Commanders and leaders
- Abd el-Krim: Captain Salafranca †

Strength
- Unknown: 250 men

Casualties and losses
- Unknown: 179 killed

= Battle of Abarrán =

1921 battle during the Rif War

The Battle of Abarrán was a military engagement during the Rif War. It happened when the Spanish established a post in Mountain Abarrán. They were attacked by Riffians and massacred.

==Context==
During the Rif war, the Riffian leader, Abd el-Krim, faced the Spanish army advance led by Manuel Fernández Silvestre. Abd el-Krim's father attempted to resist but died poisend; his son took over as the new leader. Abdul Karim successfully managed to unite six Kablye tribes in central Rif in January 1921; however, due to a bad harvest, it weakened his force, which made him retreat to Temsamane with 300 men. Unexpectedly, in May of the same year, a delegation from the Temsamane tribe arrived to the Spanish, asking him for protection and to establish a post in Mountain Abarrán. Silvestre agreed.

==Battle==
Silvestre advanced to Abarrán. There he established a sandbag outpost with walls just 3 feet high. Silvestre left 250 Spanish troops and some native police at the post and left. An unexpected event happened on June 1 afternoon. Once the Spanish had left, the native police mutinied and began killing the officers and aided the Temsamane in attacking the garrison. The Spanish heard gunshots but didn't return. The post was fired from a hill and assaulted from another side.

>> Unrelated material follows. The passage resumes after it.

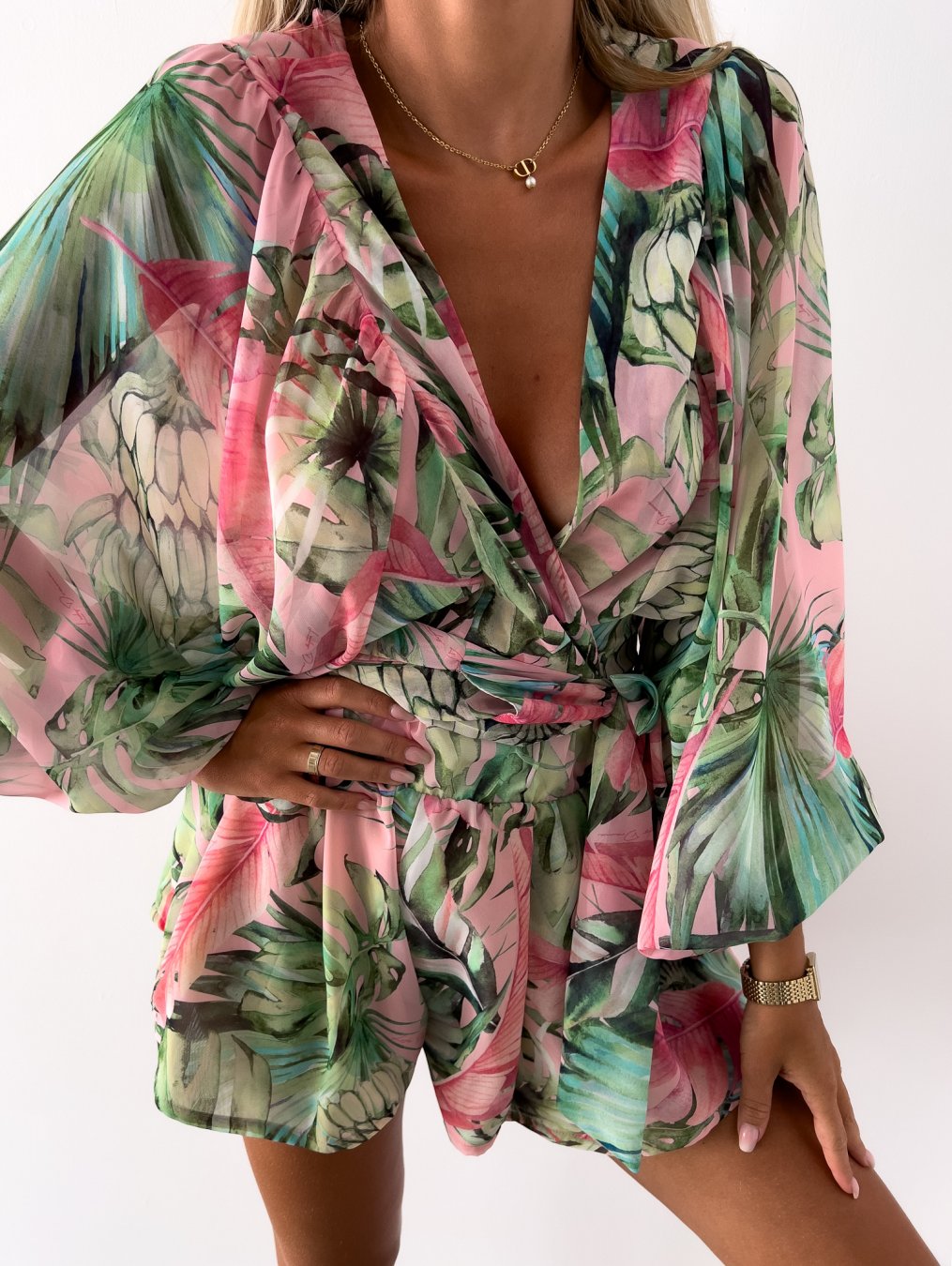 Ladies' Pretty Floral Sleeve Jumpsuit Romper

In the following massacre, 179 Spanish were killed, including the commander, Captain Salafranca, and the rest escaped. Following this, the Riffians captured four Krupp guns and 200 rifles.

==Sources==
- Martin Windrow (2010), Our Friends Beneath the Sands, The Foreign Legion in France's Colonial Conquests 1870–1935.
- Javier Garcia de Gabiola (2022), The Rif War, Volume 1 - From Taxdirt to the Disaster of Annual 1909–1921.
- David S. Woolman (1968), Rebels in the Rif: Abd El Krim and the Rif Rebellion.